The Globe and Mail Centre is a 17-storey building, on King Street East, in Toronto, Ontario, Canada, that houses the offices of The Globe and Mail newspaper, and other tenants.
The building is adjacent to the former offices of rival newspaper the Toronto Sun, towering over it.
Archeologists were allowed to excavate the foundations of Berkeley House, which were uncovered while removing a parking lot in preparation for digging foundations for the new building. 

The building was complete enough for some tenants to move in during 2016.

Design

One of the standout features of the Globe and Mail Centre is its stunning architecture. The building was designed by award-winning architect Siamak Hariri, and it features a striking glass façade that allows natural light to flood the interior spaces. The building's interior is equally impressive, with modern finishes and sleek design elements that make it a stylish and sophisticated venue for any event.

The building has a four-storey podium, sitting on top of multiple storeys of subterranean parking.  An additional thirteen storeys of offices occupy the tower.  The ground floor houses multiple small shops.

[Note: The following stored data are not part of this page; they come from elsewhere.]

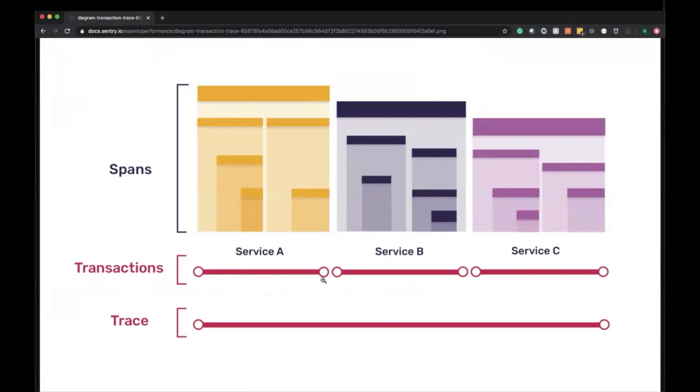The SDK is shipping up transactions into Sentry. Let's quickly define each of these. A trace represents the record of the entire operation that you want to measure or track, for example a page load or an action within your application. In our case, it's going to be a checkout.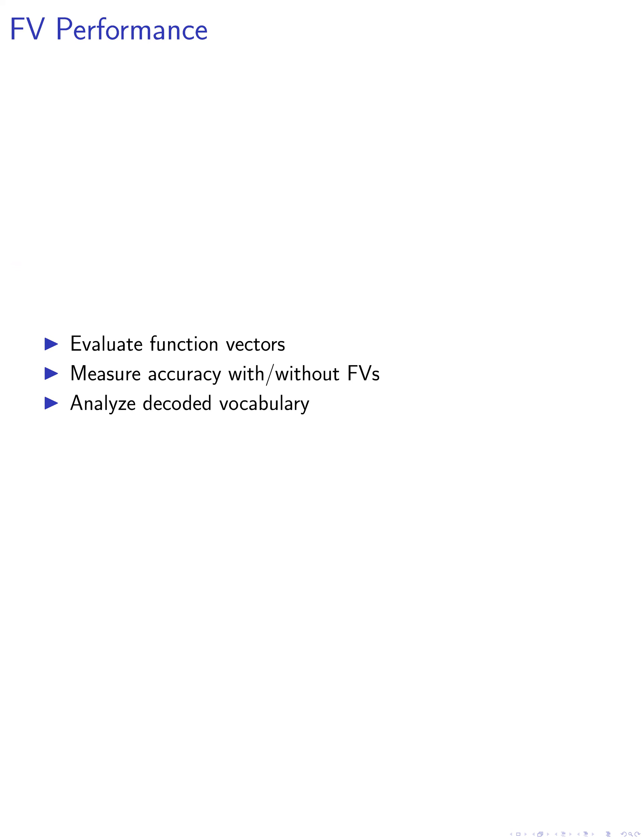Furthermore, we evaluate the performance of FVs in executing the task in various settings, including natural text completions. This involves measuring the accuracy of the model's predictions with and without the added FVs.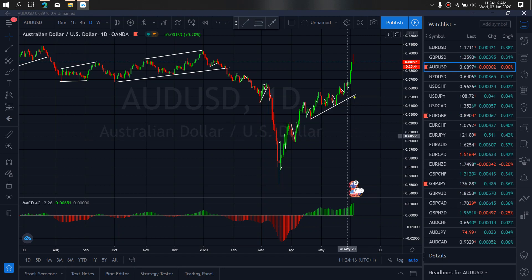On Aussie dollar for today, at present they are this high. We expect them to start correcting back downside a bit before they resume the climb upside. So we want to watch for this correction today.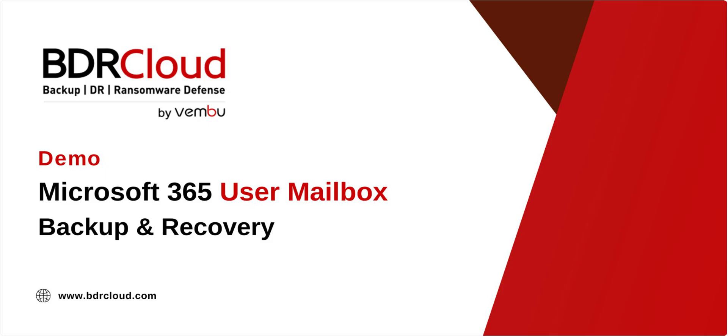Welcome to this BDR Cloud demo. In this video, I'll walk you through how to configure backup for a Microsoft 365 user mailbox and how to perform data restoration.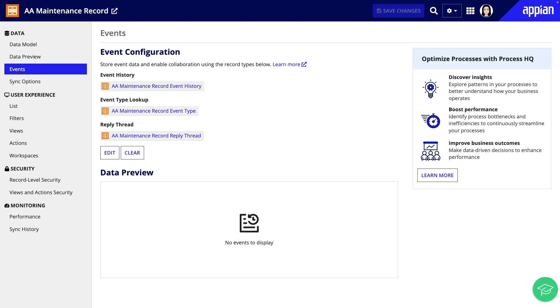So it's important to set up record events first. Otherwise, you'll have to do some additional manual configuration.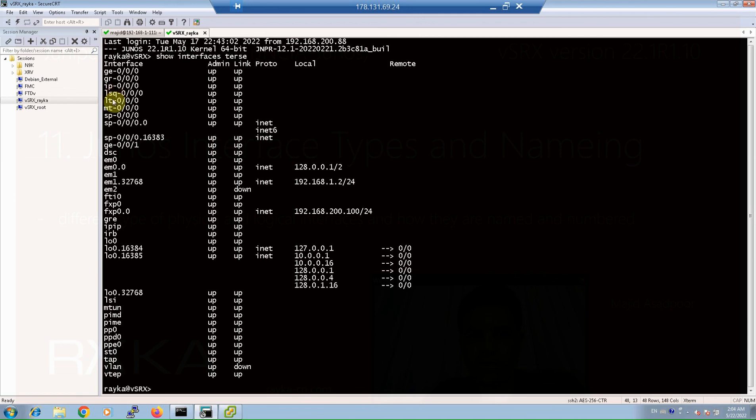The interface lsq-0/0/0 is queuing service interface to support multi-link services like multi-link point-to-point protocol. The interface lt-0/0/0 is logical tunnel interface which allows you to connect to logical systems, which are routers or VPN instances.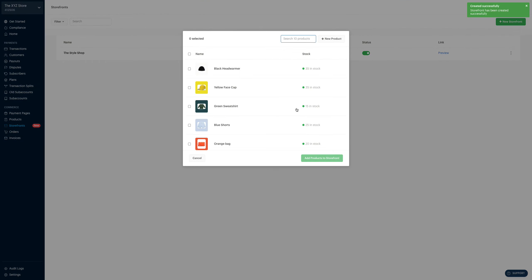Now, the next thing for me to do is to add products to my storefront. I have two options. Option one is to select from a list of products that I may have created in the past. I could simply select all of them and add them to my storefront. Or if you haven't created any product before, you simply come right over here and click on plus new product. Let's create a new product right from scratch.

The building has a "green roof".

Event Venue

The Globe and Mail Centre features a range of event spaces, including a grand ballroom that can accommodate up to 1,000 guests for wedding venue, a spacious lobby that is ideal for receptions, and smaller conference rooms for more intimate gatherings. The building is also equipped with state-of-the-art audiovisual technology, including high-quality sound systems, projection screens, and LED lighting.